The problem is Active Directory. It is unhealthy at the moment. From box 1 (the master dc) I can no longer manage AD, I can manage box 2 AD however. A message appears about switching from domain . to domain contoso.com which then allows me to manipulate the AD from box 2. From box 2 I can manipulate both domain controllers.

Now in a real-world disaster recovery, I would have forced box 2 to become the master. Doing that though, means that box 1 may never be brought back into the network. That is not what I want to do because I was mearly "testing" disaster recovery. In the future, the proper steps to follow in order to test complete hardware failure recovery are to the best of my knowledge are here:

Some of the other nice links I have come across here, and here

At this point I will be seeking either help from MS or forums to get my AD back up to snuff.

It's all a work in progress...

What I've figured out I can do is because my most recent (only backup) of two weeks ago for our primary DC also holds a full backup of our secondary DC, I can perform a non-authoritive restore of the system state for each DC. Then, hopefully, that will fix the AD store. I am going to perform that this evening and post my results afterwards.

Thursday, September 29, 2005

Roaming Profiles and Printing

If I ever set up another domain with roaming profiles it will not be in a school that insists on being able to flop any peice of software they so wish on.

A school I support has basically three groups, an admin group, student/user group, and teacher/admin group (politics...)

For more than you ever cared to read about, have a peekhere

Basically, I have setup my application data, desktop, and My Documents to redirect invidually through group policy on a 2000 domain. It works quite nice really.

On a side note, if you don't setup a radius server and use wireless, make sure your users synch after login and not before logoff. The link in my experience dies before the synch, so you in essense never synch your data. This would make sense as the wireless link runs through an application/service rather than the actual hardware.

Except... PRINTING! Right now I'm looking for a setting to see if there is a way on the local workstation (XP SP2) to ensure that manually installed local printers stay available while a local domain user logs in. This doesn't seem to be happening at the moment with the student accounts. It could however, be that it takes up to 3 logins for all settings to propogate...

Follow-up... It was the damn permissions as usual. You would think taking a normal domain user and adding them to the local Print Operators group would suffice for printing permissions! Well not with this minolta 2300dl driver anyways (if the driver matters). Nope, it didn't even want power user on the local machine, that wasn't good enough either for my domain users. Only Admin rights... !!!!! Very frustrating to watch some security slip down the drain...

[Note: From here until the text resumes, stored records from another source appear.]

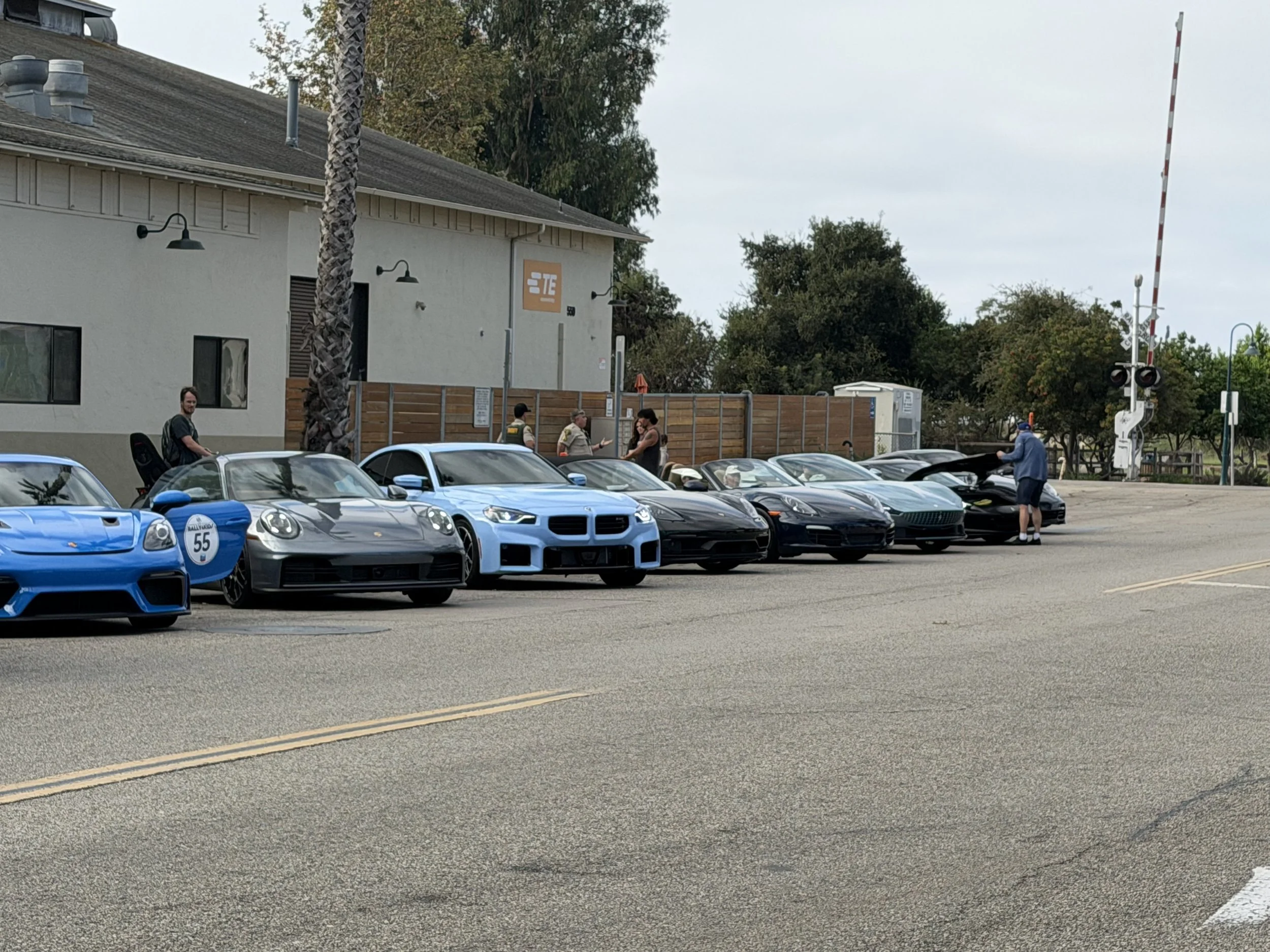 blue-and-gray-sports-cars-beside-wooden-fence--1b6bfd4d.jpeg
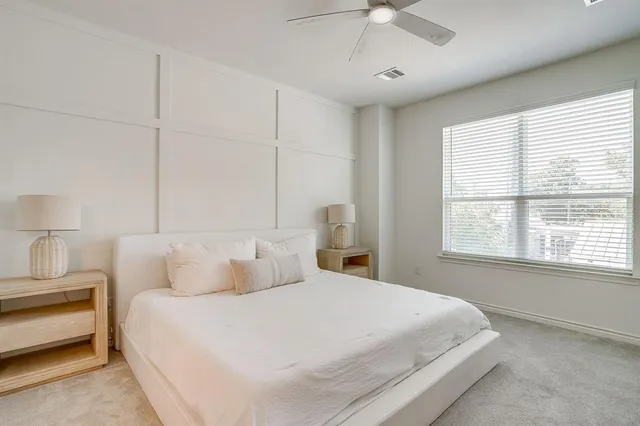 a kitchen with white cabinets and refrigerator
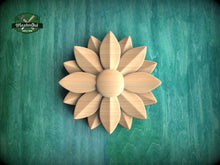Load image into Gallery viewer, A wooden flower-shaped object is centered against a green background.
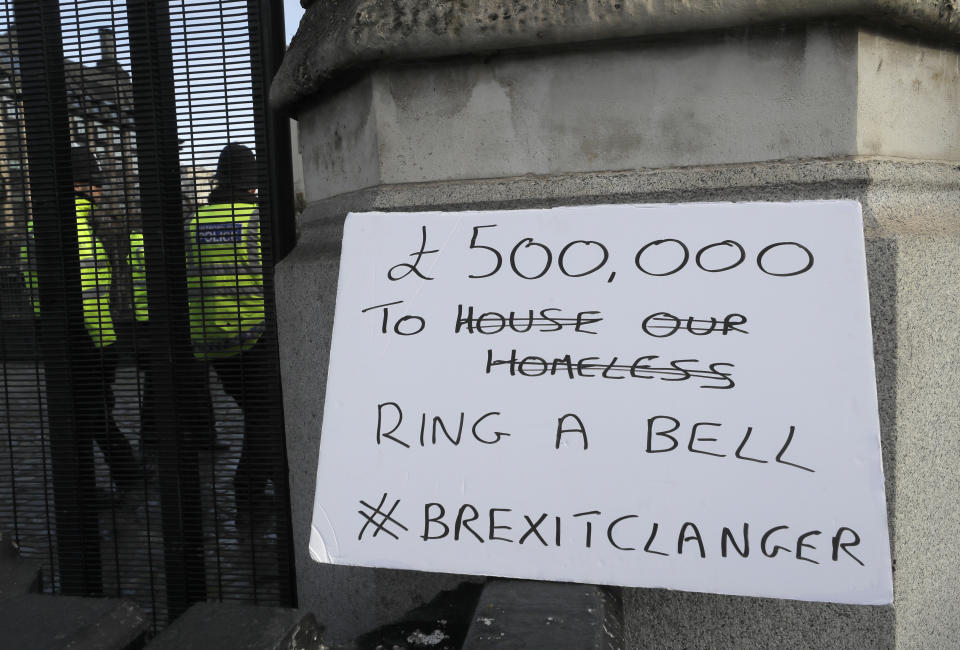 A banner placed by anti Brexit campaigners outside Parliament in London, Wednesday, Jan. 15, 2020. The Big Ben bell of Britain's Parliament has been largely silent since 2017 while its iconic clock tower undergoes four-years of renovation. Brexit-backing lawmakers are campaigning for it to strike at the moment Britain leaves the European Union at 11 p.m. (2300GMT) on Jan. 31, but some campaigners and officials say it is not worth the cost, which has been estimated at around 500,000 pounds (dollars 650,000 US). ( (AP Photo/Kirsty Wigglesworth)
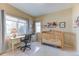 Cozy Bedroom or bedroom with a crib, desk, and soft natural light streaming through the window at 2035 Buchanan Pt, Lafayette, CO 80026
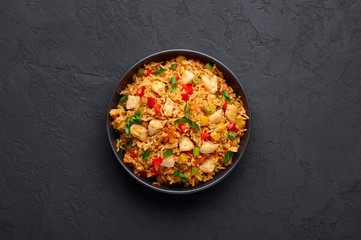 Schezwan Chicken Fried Rice in black bowl at dark slate background. Szechuan Rice is indo-chinese cuisine dish with bell peppers, green beans, carrot, chicken breasts. Copy space. Top view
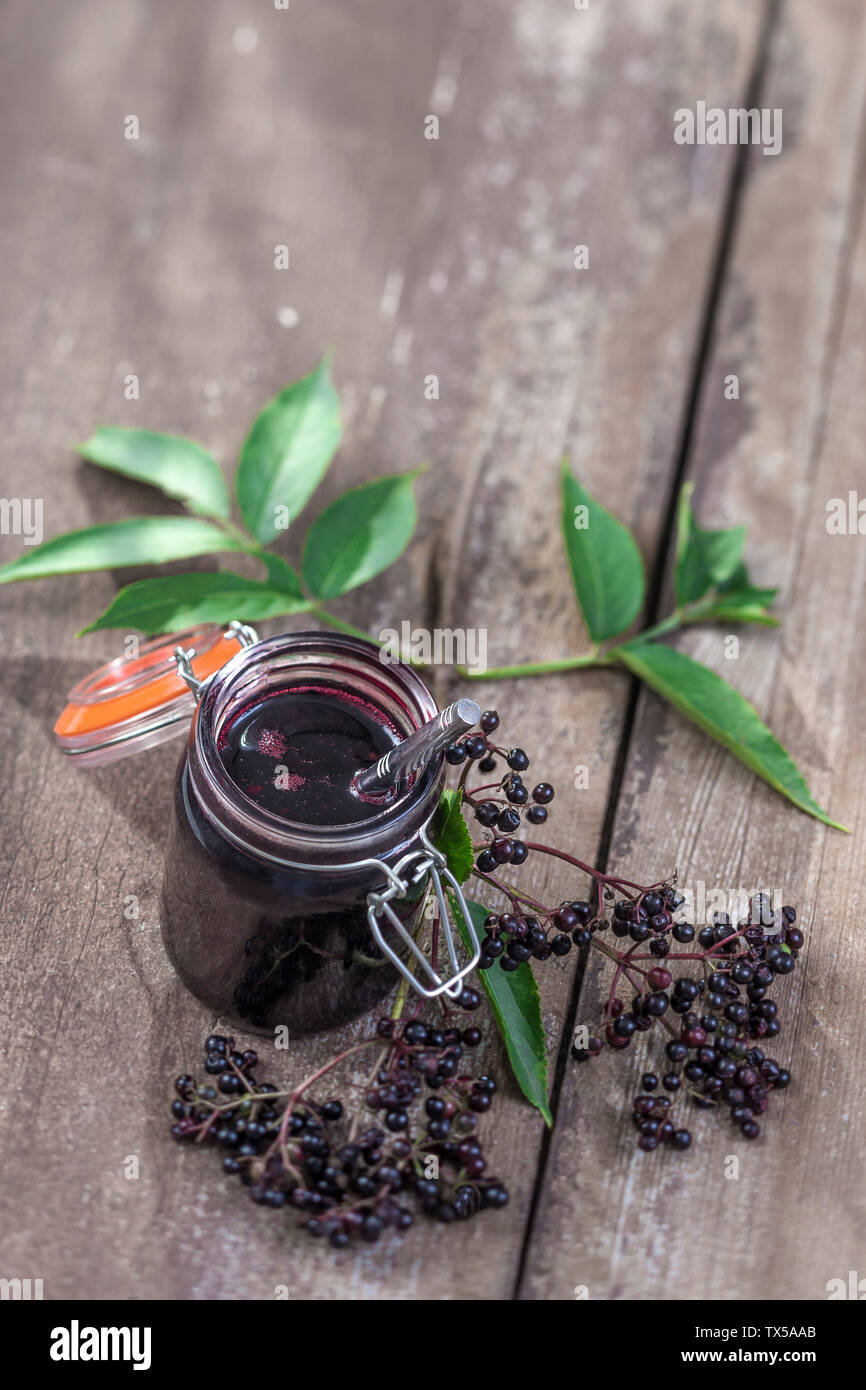 Marmellata di bacche di sambuco. Vasetto di fatti in casa confettura di  bacche di sambuco e frutta fresca sul vecchio sfondo di legno Foto stock -  Alamy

Tuesday, September 27, 2005

XP Pro SP2

This blog will be where I keep a history of what I feel are significant experiences while I become Microsoft Certified Systems Engineer.

Currently one of my main problems is running a 2000 domain with roaming profiles. The user accounts do not have consistent printer setup settings to both network and shared printers. The printers are shared either through XP Pro with Service Pack 2 or are installed independently of Active Directory.

I found out the long hard way that to have even lightweight terminal services can throw any printers shared through a server box nuts.

Currently the exam I will be studying for is 70-290. Managing and Maintaining a Microsoft Windows Server 2003 Environment

I already have passed 70-270 (xp professional) a few years back, so I have 5 exams to sit in the very near future.